What is the root cause of the observed 502 error?

A) The frontend listener TLS certificate was corrupted during maintenance, preventing the establishment of new TLS connections with clients
B) The renewed certificate on the backends was issued by a different CA than the previous one, and the new root certificate was not updated as a Trusted Root Certificate in the Application Gateway's backend HTTP settings
C) The VM operating system update changed the port configuration, causing the backends to stop listening on port 443
D) The health probe is configured for HTTP and therefore doesn't detect the TLS failure, which indirectly causes the 502 error


Scenario 2 β€” Action Decision​

The problem cause has been identified: the custom domain certificate associated with Azure Front Door expired 18 hours ago. The Front Door is using a BYOC (Bring Your Own Certificate) stored in Azure Key Vault.

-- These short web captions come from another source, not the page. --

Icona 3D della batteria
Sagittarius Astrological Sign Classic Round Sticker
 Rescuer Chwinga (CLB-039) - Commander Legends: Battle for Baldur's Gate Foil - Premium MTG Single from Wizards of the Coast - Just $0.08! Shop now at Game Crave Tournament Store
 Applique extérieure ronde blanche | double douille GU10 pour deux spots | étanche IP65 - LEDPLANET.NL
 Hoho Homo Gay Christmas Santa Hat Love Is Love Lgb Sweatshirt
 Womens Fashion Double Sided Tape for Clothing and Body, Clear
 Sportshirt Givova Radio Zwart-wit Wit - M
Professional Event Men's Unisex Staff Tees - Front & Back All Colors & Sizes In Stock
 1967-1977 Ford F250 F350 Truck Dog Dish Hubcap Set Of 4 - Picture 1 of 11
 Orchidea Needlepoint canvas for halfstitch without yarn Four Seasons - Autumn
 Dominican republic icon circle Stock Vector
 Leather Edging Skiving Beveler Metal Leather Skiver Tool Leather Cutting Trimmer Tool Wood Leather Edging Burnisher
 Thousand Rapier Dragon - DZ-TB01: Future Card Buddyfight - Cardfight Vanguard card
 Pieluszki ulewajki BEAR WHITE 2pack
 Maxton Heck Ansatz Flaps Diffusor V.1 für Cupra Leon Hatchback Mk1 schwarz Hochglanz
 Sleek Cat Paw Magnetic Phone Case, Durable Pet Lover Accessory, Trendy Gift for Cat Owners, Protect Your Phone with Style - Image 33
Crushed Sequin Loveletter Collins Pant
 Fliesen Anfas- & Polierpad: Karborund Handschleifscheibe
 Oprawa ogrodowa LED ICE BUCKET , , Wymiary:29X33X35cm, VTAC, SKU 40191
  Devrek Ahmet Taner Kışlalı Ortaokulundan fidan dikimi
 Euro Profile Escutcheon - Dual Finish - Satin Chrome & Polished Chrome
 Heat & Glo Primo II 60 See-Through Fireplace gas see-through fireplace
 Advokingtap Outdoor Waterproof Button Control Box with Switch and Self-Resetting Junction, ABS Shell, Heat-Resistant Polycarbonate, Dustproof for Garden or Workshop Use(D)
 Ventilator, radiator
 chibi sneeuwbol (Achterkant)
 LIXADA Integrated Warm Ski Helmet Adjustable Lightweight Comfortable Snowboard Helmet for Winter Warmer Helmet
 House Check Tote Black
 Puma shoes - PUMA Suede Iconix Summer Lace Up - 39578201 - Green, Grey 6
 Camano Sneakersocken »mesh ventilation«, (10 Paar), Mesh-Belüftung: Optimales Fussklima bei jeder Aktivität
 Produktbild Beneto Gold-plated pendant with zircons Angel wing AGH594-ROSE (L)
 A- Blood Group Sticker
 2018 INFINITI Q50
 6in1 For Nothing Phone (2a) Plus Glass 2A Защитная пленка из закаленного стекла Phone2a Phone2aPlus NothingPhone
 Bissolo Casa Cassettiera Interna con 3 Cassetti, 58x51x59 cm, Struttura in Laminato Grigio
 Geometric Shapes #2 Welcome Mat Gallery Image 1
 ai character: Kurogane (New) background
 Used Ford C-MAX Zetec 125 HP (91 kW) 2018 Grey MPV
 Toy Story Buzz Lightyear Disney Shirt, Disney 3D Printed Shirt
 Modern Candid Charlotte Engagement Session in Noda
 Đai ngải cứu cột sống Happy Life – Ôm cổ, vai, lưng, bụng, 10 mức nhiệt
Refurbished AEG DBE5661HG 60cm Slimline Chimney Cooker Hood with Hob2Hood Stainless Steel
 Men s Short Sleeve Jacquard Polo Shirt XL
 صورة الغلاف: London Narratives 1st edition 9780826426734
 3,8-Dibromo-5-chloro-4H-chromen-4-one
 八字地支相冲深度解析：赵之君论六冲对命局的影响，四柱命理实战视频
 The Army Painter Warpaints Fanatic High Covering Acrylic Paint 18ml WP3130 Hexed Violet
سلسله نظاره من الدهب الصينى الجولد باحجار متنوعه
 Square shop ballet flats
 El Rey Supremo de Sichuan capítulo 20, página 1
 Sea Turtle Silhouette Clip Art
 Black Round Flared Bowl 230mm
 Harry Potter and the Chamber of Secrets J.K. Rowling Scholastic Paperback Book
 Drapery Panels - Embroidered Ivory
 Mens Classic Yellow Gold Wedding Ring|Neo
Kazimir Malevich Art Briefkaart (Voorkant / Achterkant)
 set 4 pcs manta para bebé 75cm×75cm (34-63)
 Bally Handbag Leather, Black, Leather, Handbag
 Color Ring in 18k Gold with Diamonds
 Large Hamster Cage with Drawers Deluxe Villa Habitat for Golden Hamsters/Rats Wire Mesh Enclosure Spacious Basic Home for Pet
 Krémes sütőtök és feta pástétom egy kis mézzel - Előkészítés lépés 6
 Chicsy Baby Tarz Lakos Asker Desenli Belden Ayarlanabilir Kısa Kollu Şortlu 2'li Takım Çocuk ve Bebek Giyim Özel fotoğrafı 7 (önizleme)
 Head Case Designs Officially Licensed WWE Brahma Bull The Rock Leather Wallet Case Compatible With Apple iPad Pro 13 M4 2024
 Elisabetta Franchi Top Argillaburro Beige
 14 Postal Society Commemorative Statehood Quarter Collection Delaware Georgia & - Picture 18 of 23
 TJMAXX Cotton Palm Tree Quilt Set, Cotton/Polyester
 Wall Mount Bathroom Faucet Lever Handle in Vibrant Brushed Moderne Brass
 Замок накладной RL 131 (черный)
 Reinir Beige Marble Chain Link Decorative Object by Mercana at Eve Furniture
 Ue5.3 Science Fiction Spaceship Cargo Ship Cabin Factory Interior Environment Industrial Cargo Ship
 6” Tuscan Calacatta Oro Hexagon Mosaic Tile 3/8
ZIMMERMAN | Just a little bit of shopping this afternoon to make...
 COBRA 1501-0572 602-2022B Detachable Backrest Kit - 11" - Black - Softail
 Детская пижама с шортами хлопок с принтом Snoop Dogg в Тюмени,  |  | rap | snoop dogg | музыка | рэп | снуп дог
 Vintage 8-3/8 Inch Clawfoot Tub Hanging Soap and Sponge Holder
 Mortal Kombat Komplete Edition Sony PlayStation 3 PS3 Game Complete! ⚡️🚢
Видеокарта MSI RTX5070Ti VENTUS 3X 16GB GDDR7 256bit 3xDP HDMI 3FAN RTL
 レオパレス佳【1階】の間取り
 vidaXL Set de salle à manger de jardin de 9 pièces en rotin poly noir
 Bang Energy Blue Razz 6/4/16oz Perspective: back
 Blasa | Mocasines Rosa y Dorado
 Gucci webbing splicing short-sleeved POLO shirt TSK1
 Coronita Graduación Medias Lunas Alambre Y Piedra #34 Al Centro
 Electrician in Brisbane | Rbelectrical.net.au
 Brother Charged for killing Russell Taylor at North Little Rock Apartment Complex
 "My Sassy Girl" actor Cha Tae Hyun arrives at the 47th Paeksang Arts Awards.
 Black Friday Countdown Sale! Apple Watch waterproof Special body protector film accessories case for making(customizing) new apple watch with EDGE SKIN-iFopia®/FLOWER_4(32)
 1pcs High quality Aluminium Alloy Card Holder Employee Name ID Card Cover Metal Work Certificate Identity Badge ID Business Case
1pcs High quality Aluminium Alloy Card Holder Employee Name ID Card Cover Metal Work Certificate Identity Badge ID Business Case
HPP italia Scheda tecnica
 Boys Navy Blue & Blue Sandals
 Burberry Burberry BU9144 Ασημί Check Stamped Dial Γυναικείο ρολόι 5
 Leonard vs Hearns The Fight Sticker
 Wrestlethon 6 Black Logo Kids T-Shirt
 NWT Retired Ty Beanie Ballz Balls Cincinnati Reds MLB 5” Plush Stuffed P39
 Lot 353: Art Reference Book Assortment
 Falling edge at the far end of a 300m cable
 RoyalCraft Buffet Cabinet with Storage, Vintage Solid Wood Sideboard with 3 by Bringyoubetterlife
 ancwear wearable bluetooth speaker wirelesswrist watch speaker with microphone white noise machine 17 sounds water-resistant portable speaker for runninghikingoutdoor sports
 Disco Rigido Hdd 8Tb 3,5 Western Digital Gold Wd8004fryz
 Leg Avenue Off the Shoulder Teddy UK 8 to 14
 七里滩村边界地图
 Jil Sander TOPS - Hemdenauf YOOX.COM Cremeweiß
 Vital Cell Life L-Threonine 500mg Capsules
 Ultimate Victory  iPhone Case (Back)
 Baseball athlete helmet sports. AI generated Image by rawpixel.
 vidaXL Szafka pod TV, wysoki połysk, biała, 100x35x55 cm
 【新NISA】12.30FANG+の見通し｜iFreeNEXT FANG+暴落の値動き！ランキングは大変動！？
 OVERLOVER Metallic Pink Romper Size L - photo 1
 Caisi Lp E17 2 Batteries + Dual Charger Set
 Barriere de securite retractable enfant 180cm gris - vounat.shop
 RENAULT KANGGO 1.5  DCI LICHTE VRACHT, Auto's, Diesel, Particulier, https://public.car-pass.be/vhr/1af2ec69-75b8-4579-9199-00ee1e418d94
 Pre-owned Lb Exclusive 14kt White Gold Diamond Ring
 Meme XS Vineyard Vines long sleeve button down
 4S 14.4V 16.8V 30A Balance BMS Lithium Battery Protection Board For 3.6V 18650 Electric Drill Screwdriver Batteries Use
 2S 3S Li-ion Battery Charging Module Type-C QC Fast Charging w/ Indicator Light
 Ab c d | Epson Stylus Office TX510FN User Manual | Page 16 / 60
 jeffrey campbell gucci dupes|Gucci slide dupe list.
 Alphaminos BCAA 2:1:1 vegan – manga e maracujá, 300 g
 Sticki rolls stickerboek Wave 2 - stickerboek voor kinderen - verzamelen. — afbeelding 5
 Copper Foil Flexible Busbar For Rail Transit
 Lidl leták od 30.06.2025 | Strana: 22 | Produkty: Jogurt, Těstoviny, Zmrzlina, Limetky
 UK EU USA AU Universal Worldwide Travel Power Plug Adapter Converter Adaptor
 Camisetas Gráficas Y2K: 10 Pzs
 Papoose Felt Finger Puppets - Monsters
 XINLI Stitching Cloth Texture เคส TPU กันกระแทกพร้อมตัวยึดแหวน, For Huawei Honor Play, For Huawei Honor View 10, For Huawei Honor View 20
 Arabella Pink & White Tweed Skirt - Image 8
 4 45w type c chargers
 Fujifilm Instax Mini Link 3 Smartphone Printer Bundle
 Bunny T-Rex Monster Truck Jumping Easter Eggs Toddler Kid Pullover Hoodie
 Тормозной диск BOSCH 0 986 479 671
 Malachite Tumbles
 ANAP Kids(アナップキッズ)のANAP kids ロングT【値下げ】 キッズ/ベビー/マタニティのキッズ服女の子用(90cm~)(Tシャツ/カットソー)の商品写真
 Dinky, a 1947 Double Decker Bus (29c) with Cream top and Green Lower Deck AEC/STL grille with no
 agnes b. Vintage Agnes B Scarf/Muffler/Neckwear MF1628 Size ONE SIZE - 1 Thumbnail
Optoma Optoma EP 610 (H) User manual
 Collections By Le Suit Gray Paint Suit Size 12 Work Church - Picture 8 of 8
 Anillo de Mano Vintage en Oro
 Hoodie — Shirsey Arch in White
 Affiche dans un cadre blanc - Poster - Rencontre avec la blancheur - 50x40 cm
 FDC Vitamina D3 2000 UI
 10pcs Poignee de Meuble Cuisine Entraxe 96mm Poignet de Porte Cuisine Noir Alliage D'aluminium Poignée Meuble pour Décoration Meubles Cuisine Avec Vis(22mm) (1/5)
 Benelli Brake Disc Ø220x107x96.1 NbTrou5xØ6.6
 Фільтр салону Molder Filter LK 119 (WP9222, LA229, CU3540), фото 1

The certificate in the Key Vault has already been replaced by the PKI team with a new valid version, but Front Door continues returning TLS errors to clients.

The environment has the following constraints:

  • The application is in production with an active 99.9% SLA
  • The custom domain cannot be removed and recreated without Change Advisory Board approval, a process that takes at least 4 hours
  • The team has full access to the Azure portal and CLI
  • 20 minutes have passed since the certificate replacement in Key Vault without Front Door automatically detecting the update

What is the correct action to take at this moment?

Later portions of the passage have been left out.